2. A fondamento dell’istanza dedusse di essere stato costretto a lasciare il suo Paese (Pakistan) per il timore di essere ucciso dagli appartenenti ad un gruppo terroristico di stanza in una foresta prossima al suo villaggio, i quali avevano appreso che egli aveva denunciato alla polizia i furti e le violenze da essi commesse ai danni del villaggio.

3. La commissione territoriale rigettò tutte le domande del richiedente asilo; il Tribunale confermò tale decisione.

Il Tribunale ritenne confuso e non credibile il racconto dell’odierno ricorrente; ha in ogni caso aggiunto che quel racconto non evidenziava una persecuzione per ragioni politiche, di religione, di etnia; nè sussisteva nella specie quello stato di “particolare vulnerabilità” che giustificava la protezione umanitaria, essendo il ricorrente maggiorenne e non affetto da alcuna patologia.

4. La sentenza è impugnata per cassazione da A.I. con ricorso fondato su due motivi.

Il Ministero dell’interno non si è difeso.

RAGIONI DELLA DECISIONE

1. Il primo motivo di ricorso.

1.1. Col primo motivo il ricorrente lamenta, ai sensi dell’art. 360 c.p.c., n. 3, la violazione del D.Lgs. n. 251 del 2007, art. 14.

Sostiene che erroneamente il Tribunale ha escluso la sussistenza dei presupposti per la concessione della protezione sussidiaria prevista dal D.Lgs. n. 251 del 2007, art. 14, lett. (b) e (c), perchè se egli tornasse nel proprio paese correrebbe il rischio di essere torturato e ucciso da parte dei suoi persecutori, e cioè gli appartenenti al gruppo terroristico *****.

Aggiunge che, in ogni caso, in Pakistan sussiste una situazione di violenza indiscriminata derivante da conflitto armato, attestata da numerose fonti internazionali, e che erroneamente la Corte d’appello l’aveva esclusa.

1.2. Il motivo è fondato nella parte in cui lamenta la violazione del D.Lgs. n. 251 del 2007, art. 14, lett. (c).

Il Tribunale ha escluso che nel Pakistan sussista una situazione di violenza indiscriminata derivante da conflitto armato, affermando che tale conclusione è stata ricavata “dalle notizie assunte”.

La sentenza non precisa quali siano le fonti consultate, ed a che epoca risalgano.

Ciò posto in fatto, si rileva in diritto che il D.Lgs. n. 25 del 2008, art. 8, comma 3, stabilisce che ogni domanda di protezione internazionale deve essere esaminata “alla luce di informazioni precise e aggiornate circa la situazione generale esistente nel Paese di origine dei richiedenti asilo e, ove occorra, dei Paesi in cui questi sono transitati, elaborate dalla Commissione nazionale sulla base dei dati forniti dall’UNHCR, dall’EASO, dal Ministero degli affari esteri anche con la collaborazione di altre agenzie ed enti di tutela dei diritti umani operanti a livello internazionale”.

La norma, dettata per l’esame della domanda di protezione da parte delle Commissioni territoriali, spiega comunque una efficacia indiretta nel successivo giudizio di impugnazione dinanzi l’Autorità Giudiziaria.
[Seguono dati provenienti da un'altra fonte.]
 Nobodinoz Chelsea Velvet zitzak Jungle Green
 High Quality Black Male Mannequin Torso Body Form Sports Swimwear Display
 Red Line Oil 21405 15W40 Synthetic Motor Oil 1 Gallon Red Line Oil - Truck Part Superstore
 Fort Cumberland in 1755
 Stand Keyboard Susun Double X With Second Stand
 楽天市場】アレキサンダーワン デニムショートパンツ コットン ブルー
Il provvedimento di quest’ultima, infatti, non potrebbe essere motivato per relationem rinviando alle fonti citate dalla Commissione territoriale. Il giudice di merito, pertanto, non può limitarsi a valutazioni solo generiche a tal riguardo, nè può omettere di individuare le specifiche fonti informative da cui vengono tratte le conclusioni assunte (Sez. 1 -, Ordinanza n. 13897 del 22/05/2019, Rv. 654174 – 01).
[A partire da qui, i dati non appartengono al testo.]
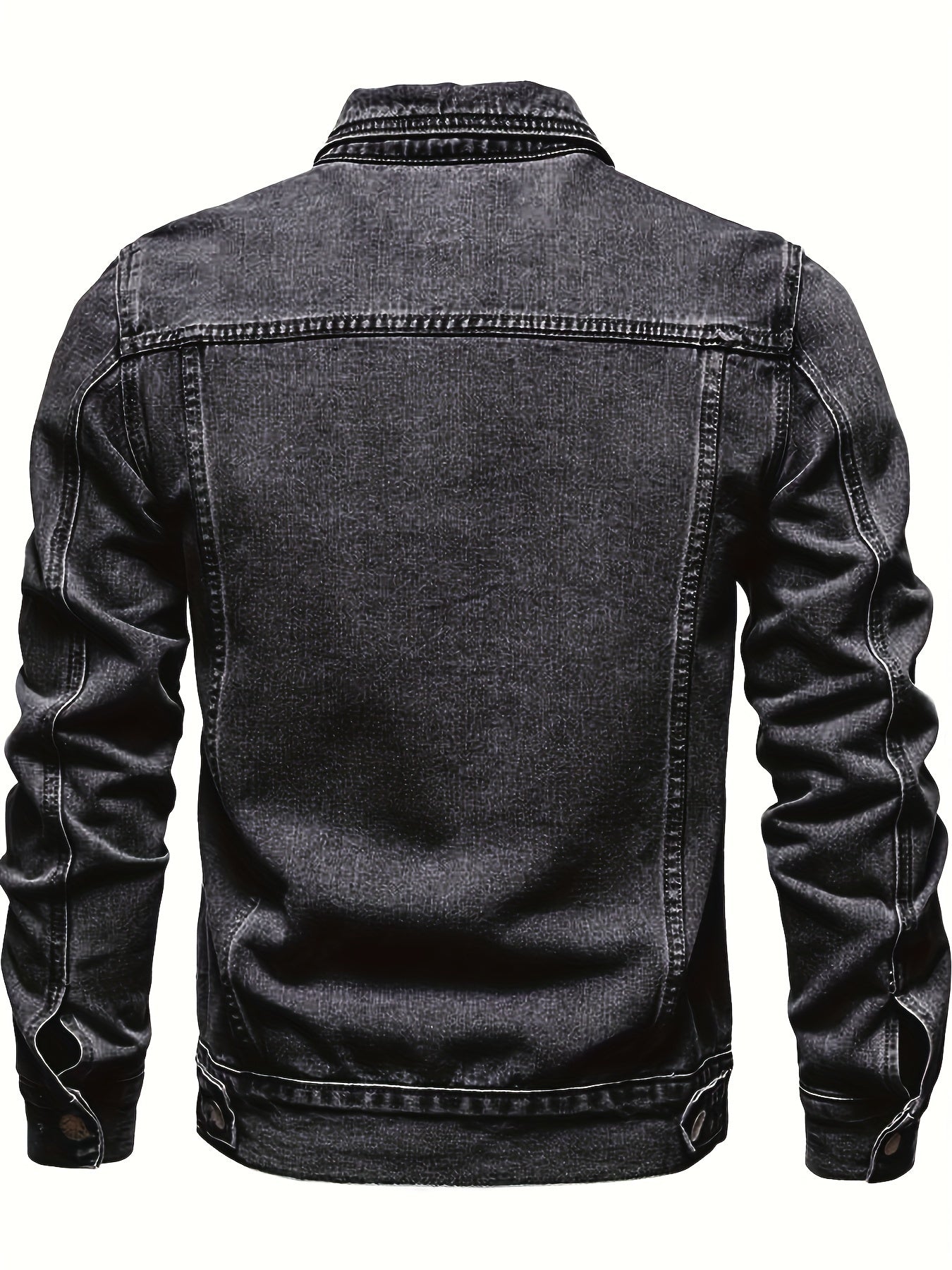 LAPEL DENIM JACKET FOR MEN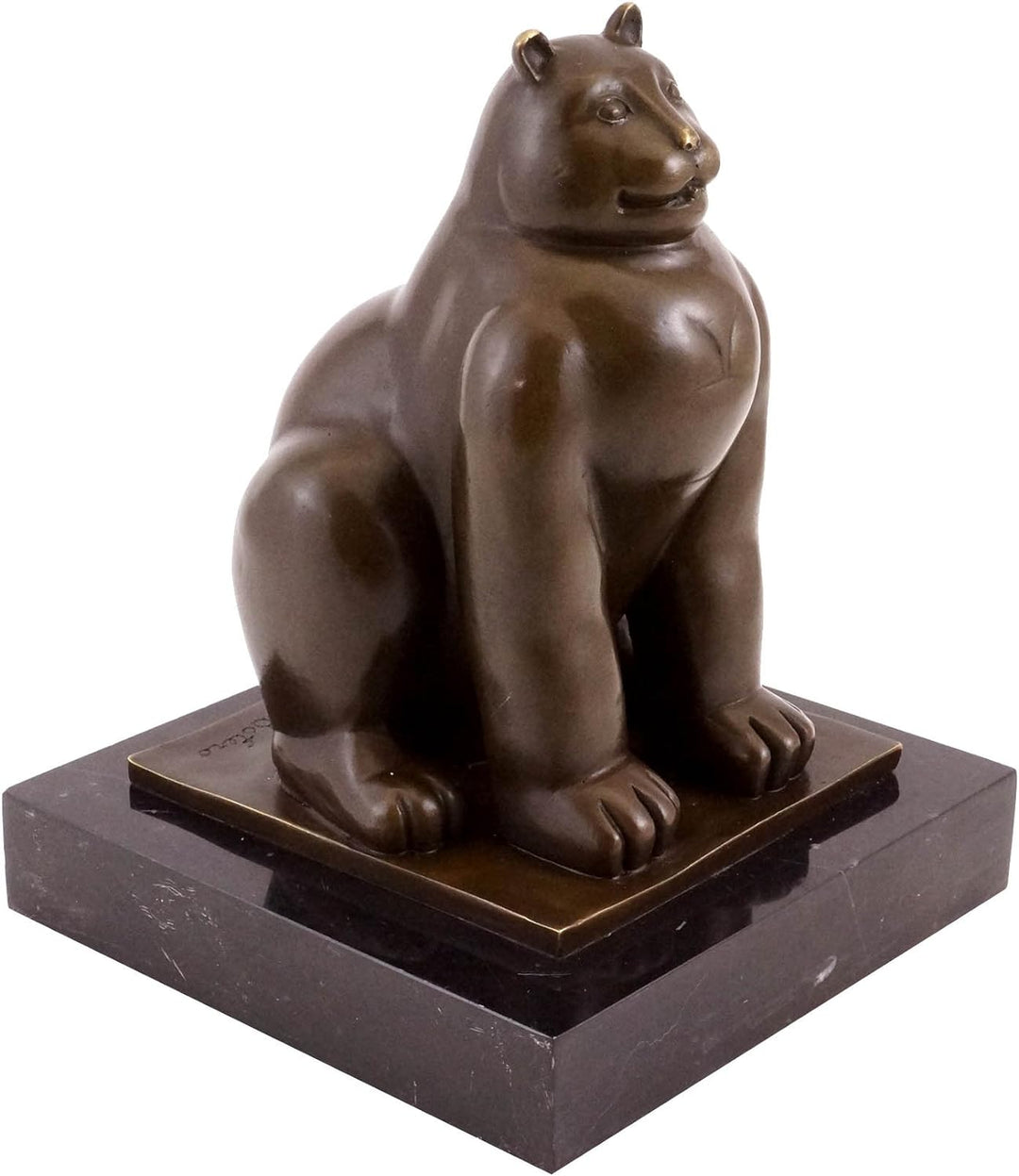 Kunst & Ambiente - Fernando Botero - Fat Cat/Fette Katze - Bronzeskulptur - signiert - Statuen onlin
Al contrario, il D.Lgs. n. 25 del 2008, art. 8, comma 3, deve essere interpretato nel senso che è onere del giudice specificare la fonte in concreto utilizzata e il contenuto dell’informazione da essa tratta e ritenuta rilevante ai fini della decisione, così da consentire alle parti la verifica della pertinenza e della specificità di tale informazione rispetto alla situazione concreta del Paese di provenienza del richiedente la protezione (Sez. 1 -, Ordinanza n. 13449 del 17/05/2019, Rv. 653887 – 01).

La violazione, da parte del giudice di merito, di tale onere, può tradursi – ed essere censurata, come nel caso di specie – in una falsa applicazione del D.Lgs. n. 251 del 2007, art. 14, lett. (c), consistente in un vizio di sussunzione: ed infatti la sentenza impugnata ha ritenuto in iure insussistente il diritto alla protezione sussidiaria, senza avere previamente accertato in facto (accertamento da compiersi, per quanto detto, attraverso l’indicazione di fonti aggiornati ed autorevoli) la sussistenza nel Pakistan di una situazione di violenza indiscriminata derivante da conflitto armato.

2. Il secondo motivo di ricorso:

2.1. Col secondo motivo il ricorrente lamenta la violazione del D.Lgs. n. 286 del 1998, art. 5.

Sostiene che in caso di rimpatrio egli si verrebbe a trovare “in una condizione di vulnerabilità, intesa come pregiudizio e lesione dei diritti fondamentali alla cui tutela è posta la ratio della protezione umanitaria, anche alla luce della situazione quanto meno di certa instabilità politico-sociale in cui versa il Pakistan”.

2.2. Il motivo è inammissibile per la sua totale genericità.

Il ricorrente, infatti, non indica quale sarebbe la sua particolare condizione di vulnerabilità giustificativa della protezione umanitaria, limitandosi ad un del tutto generico richiamo alle condizioni sociopolitiche del Pakistan. Non è dedotta, in particolare, nell’illustrazione del motivo, nessuna ipotesi specifica di vulnerabilità, nè tanto meno si indica nel ricorso quando, in che termini ed in quale atto processuale tale situazione specifica di vulnerabilità era stata dedotta nei gradi di merito; nè ovviamente, il riconoscimento del diritto al permesso di soggiorno per ragioni umanitarie, che è misura atipica e residuale, può conseguire ipso iure al solo fatto che il richiedente si sia viste rigettare le altre domande di protezione internazionale (Sez. 1 -, Ordinanza n. 13088 del 15/05/2019, Rv. 653884 02).

3. Le spese.

3.1. Le spese del presente giudizio di legittimità saranno liquidate dal giudice del rinvio.

P.Q.M.

la Corte di Cassazione:

(-) accoglie il primo motivo di ricorso; rigetta il secondo; cassa la sentenza impugnata e rinvia la causa al Tribunale di Palermo, in diversa composizione, cui demanda di provvedere anche sulle spese del giudizio di legittimità.

Così deciso in Roma, nella Camera di consiglio della Sezione Prima Civile della Corte di Cassazione, il 10 luglio 2019.